Sunday 1 October 2017

Pre-registration or replication: the need for new standards in neurogenetic studies

This morning I did a very mean thing. I saw an author announce to the world on Twitter that they had just published this paper, and I tweeted a critical comment. This does not make me happy, as I know just how proud and pleased one feels when a research project at last makes it into print, and to immediately pounce on it seems unkind. Furthermore, the flaws in the paper are not all that unusual: they characterise a large swathe of literature. And the amount of work that has gone into the paper is clearly humongous, with detailed analysis of white matter structural integrity that probably represents many months of effort. But that, in a sense, is the problem. We just keep on and on doing marvellously complex neuroimaging in contexts where the published studies are likely to contain unreliable results.

Why am I so sure that this is unreliable? Well, yesterday saw the publication of a review that I had led on, which was highly relevant to the topic of the paper – genetic variants affecting brain and behaviour. In our review we closely scrutinised 30 papers on this topic that had been published in top neuroscience journals. The field of genetics was badly burnt a couple of decades ago when it was discovered that study after study reported results that failed to replicate. These days, it's not possible to publish a genetic association in a genetics journal unless you show that the finding holds up in a replication sample. However, neuroscience hasn't caught up and seems largely unaware of why this is a problem.

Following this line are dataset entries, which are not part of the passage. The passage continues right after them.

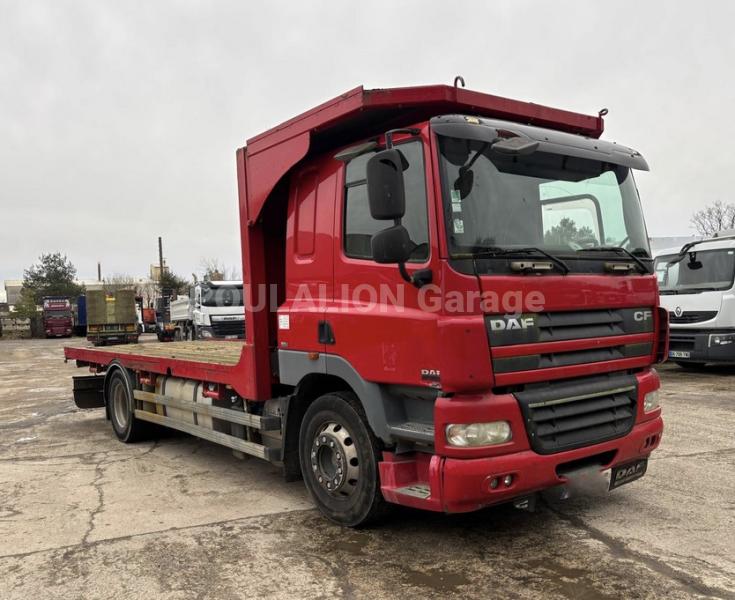 Camion DAF 4X2 PLATEAU PORTE MATERIEL 4X2 PLATEAU PTE MAT Plateau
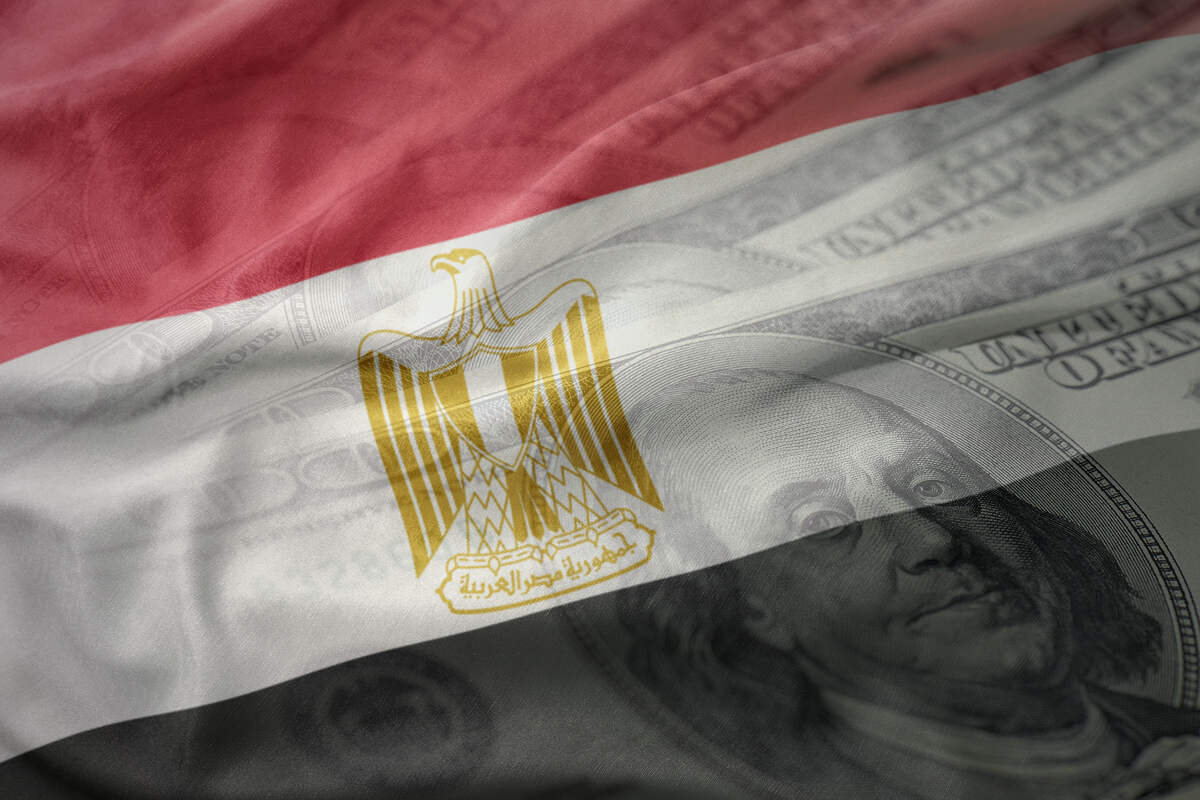 الأجانب يخفّضون استثماراتهم في السندات المصرية مع زيادة التوترات الإقليمية الأجانب يخفّضون استثماراتهم في السندات المصرية مع زيادة التوترات الإقليمية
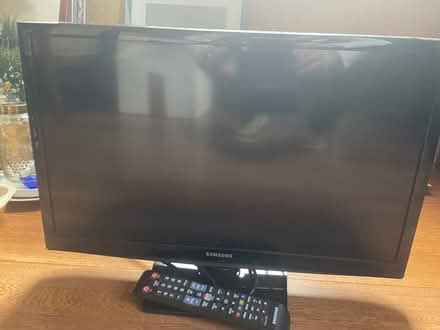 Photo of free TV & remote (Chevy Chase DC) #1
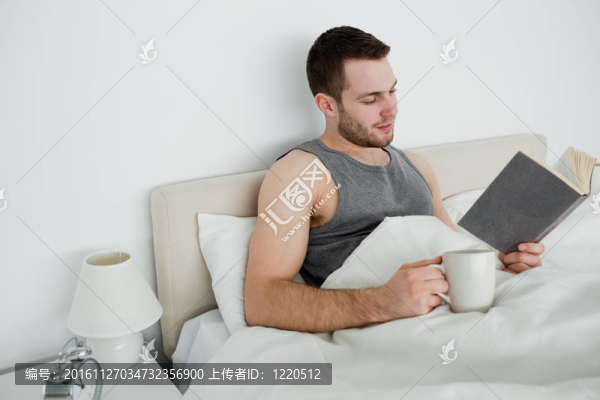 微笑的人一邊喝茶一邊看小說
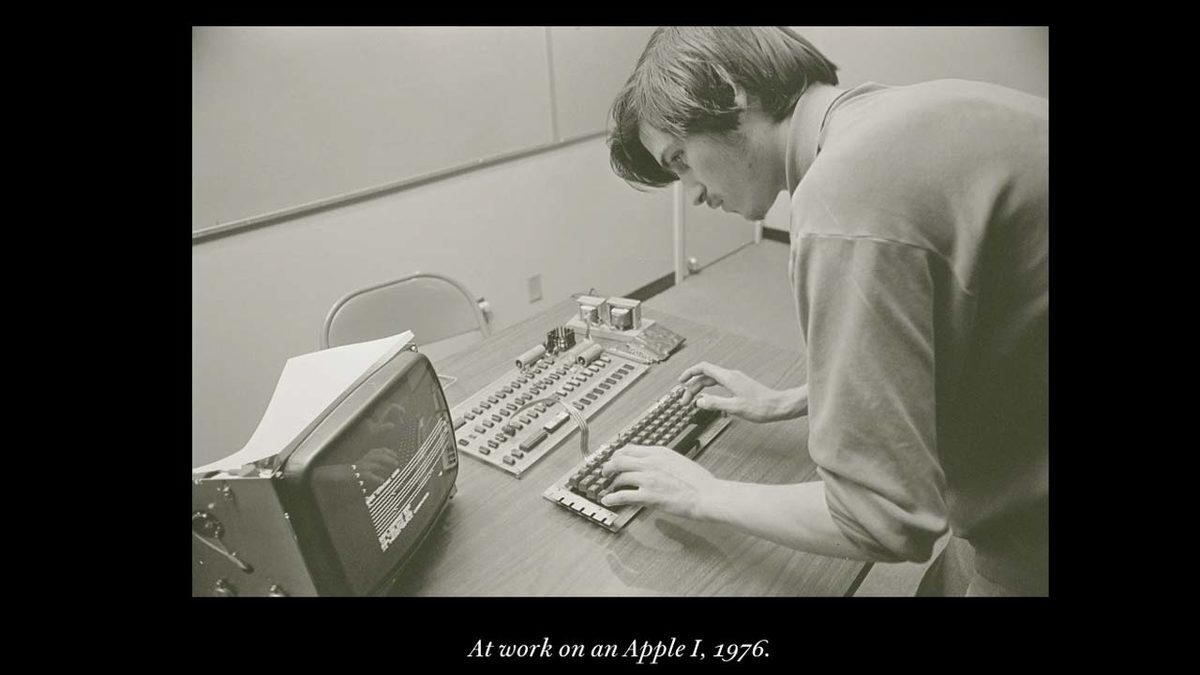 Steve Jobs’ın Hayatını, Çocukluğundan Apple’ın Kuruluşuna Kadar Kendi Sözleriyle Okuyabileceğiniz İnternet Sitesi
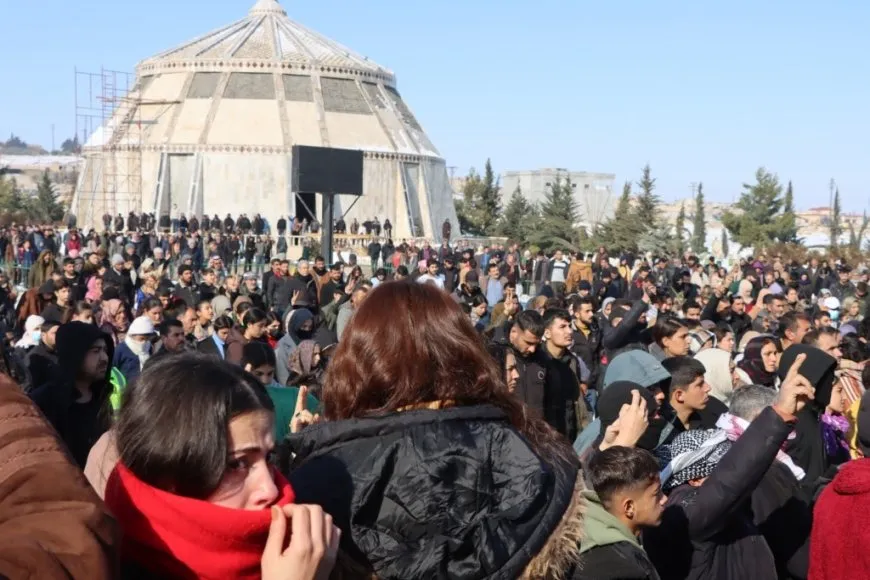 Gelê Kobanê 16 şehîdên parastina rûmeta xwe oxir kirin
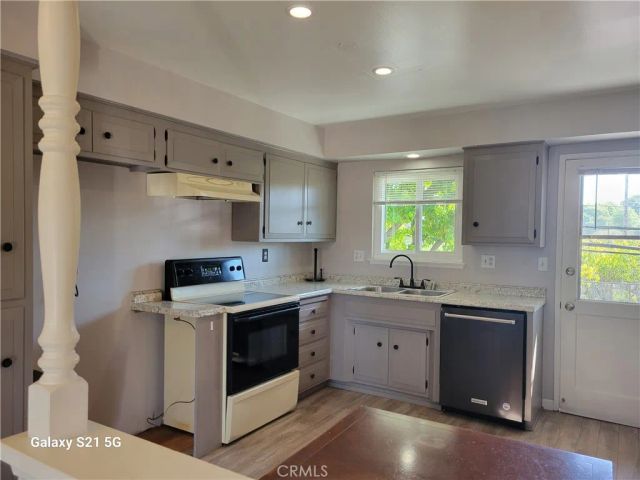 16862 Coach Lane, Huntington Beach, CA 92649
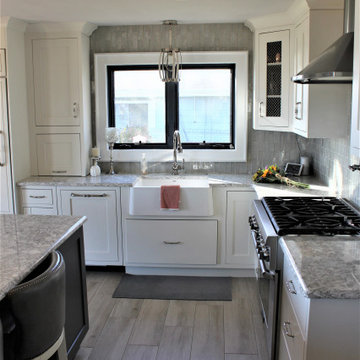 Starmark Insert Kitchen in Mackay Dove (Perimeter) and Peppercorn (Island)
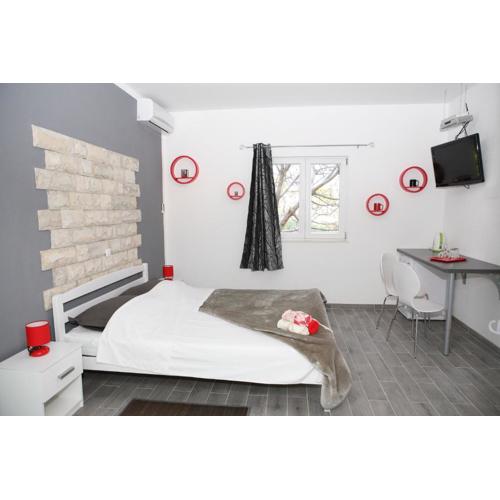 Apartments & Room Dijana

The focus of this latest paper was on a genetic variant known as the COMT Val158Met SNP. People can have one of three versions of this genotype: Val/Val, Val/Met and Met/Met, but it's not uncommon for researchers to just distinguish people with Val/Val from Met carriers (Val/Met and Met/Met). This COMT polymorphism is one of the most-studied genetic variants in relation to human cognition, with claims of associations with all kinds of things: intelligence, memory, executive functions, emotion, response to anti-depressants, to name just a few. Few of these, however, have replicated, and there is reason to be dubious about the robustness of findings (Barnett, Scoriels & Munafo, 2008)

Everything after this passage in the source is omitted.